▶ **THE PROBLEM**
Copy every line from the records below that carries the word "Long".
- - - -
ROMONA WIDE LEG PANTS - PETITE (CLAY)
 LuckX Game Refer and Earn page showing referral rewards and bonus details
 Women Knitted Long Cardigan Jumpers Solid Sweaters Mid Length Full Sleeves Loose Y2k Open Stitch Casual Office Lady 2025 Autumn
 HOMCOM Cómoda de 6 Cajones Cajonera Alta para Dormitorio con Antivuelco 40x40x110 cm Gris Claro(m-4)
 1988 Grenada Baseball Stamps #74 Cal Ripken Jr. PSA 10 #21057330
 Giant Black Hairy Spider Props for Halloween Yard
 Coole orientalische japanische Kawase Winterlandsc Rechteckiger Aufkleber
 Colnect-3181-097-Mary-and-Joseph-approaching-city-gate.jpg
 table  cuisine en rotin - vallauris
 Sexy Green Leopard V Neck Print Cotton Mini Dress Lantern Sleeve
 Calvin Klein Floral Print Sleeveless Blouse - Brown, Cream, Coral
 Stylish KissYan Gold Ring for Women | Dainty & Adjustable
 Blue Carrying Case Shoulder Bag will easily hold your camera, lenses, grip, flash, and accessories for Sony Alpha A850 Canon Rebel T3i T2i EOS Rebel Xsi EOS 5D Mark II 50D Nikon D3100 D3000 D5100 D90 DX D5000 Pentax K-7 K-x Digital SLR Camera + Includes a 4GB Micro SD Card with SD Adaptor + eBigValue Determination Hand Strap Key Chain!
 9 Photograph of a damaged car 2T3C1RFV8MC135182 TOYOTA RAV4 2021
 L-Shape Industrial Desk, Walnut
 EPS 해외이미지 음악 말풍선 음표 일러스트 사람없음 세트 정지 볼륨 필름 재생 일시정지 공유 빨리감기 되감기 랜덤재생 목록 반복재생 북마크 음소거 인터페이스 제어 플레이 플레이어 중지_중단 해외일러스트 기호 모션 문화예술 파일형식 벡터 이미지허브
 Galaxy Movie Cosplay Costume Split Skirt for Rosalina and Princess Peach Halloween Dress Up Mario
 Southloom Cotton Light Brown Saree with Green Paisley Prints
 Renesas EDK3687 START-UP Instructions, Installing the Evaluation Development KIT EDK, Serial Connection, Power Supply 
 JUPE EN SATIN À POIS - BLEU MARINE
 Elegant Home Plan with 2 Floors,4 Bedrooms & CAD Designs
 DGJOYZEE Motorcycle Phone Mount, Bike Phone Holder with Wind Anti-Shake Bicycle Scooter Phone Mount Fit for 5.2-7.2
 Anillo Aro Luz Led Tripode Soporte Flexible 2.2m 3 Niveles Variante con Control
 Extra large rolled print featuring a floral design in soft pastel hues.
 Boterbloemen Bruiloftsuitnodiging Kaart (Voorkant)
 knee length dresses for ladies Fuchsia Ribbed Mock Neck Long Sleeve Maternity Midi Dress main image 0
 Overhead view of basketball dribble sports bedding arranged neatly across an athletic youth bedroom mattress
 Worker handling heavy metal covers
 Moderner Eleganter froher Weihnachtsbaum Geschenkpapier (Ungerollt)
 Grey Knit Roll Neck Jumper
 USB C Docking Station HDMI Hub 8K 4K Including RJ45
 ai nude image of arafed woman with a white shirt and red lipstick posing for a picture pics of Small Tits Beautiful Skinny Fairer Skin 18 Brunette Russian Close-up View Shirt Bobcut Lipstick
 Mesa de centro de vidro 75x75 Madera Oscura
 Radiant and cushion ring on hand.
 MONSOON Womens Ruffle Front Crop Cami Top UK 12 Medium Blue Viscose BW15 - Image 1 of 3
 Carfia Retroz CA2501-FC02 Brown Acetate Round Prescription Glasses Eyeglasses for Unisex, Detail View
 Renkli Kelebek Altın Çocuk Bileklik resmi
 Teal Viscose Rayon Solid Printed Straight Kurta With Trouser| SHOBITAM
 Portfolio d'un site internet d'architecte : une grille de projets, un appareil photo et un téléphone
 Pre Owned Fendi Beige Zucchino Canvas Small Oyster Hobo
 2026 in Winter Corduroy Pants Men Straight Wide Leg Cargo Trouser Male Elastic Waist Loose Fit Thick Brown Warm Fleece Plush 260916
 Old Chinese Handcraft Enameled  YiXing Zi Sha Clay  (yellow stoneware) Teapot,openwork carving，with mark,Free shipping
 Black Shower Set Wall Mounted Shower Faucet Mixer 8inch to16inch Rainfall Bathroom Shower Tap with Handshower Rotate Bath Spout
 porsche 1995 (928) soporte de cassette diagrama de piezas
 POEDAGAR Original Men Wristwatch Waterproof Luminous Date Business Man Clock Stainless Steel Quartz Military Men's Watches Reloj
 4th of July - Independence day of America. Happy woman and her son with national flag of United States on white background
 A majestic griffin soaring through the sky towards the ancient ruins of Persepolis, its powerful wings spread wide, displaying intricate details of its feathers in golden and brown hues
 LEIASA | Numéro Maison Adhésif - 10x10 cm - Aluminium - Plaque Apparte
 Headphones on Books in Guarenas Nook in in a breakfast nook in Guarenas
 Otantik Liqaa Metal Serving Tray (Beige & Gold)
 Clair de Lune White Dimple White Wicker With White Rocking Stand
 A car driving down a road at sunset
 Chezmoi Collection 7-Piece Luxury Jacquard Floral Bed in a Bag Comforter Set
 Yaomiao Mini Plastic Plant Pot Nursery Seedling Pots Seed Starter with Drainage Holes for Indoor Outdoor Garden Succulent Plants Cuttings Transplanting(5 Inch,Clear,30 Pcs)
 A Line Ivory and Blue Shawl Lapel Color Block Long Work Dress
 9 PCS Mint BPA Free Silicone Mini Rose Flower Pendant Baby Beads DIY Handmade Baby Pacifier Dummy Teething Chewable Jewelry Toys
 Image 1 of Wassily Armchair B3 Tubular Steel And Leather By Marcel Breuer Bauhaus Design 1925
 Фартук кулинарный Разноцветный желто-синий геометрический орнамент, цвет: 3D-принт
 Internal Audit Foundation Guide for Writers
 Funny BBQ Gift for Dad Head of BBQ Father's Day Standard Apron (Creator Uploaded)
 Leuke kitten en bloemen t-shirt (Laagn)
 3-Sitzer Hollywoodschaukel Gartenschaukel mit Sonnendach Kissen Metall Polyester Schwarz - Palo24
- - - -
▶ **SOLUTION TO THIS EXERCISE**
 Women Knitted Long Cardigan Jumpers Solid Sweaters Mid Length Full Sleeves Loose Y2k Open Stitch Casual Office Lady 2025 Autumn
 knee length dresses for ladies Fuchsia Ribbed Mock Neck Long Sleeve Maternity Midi Dress main image 0
 A Line Ivory and Blue Shawl Lapel Color Block Long Work Dress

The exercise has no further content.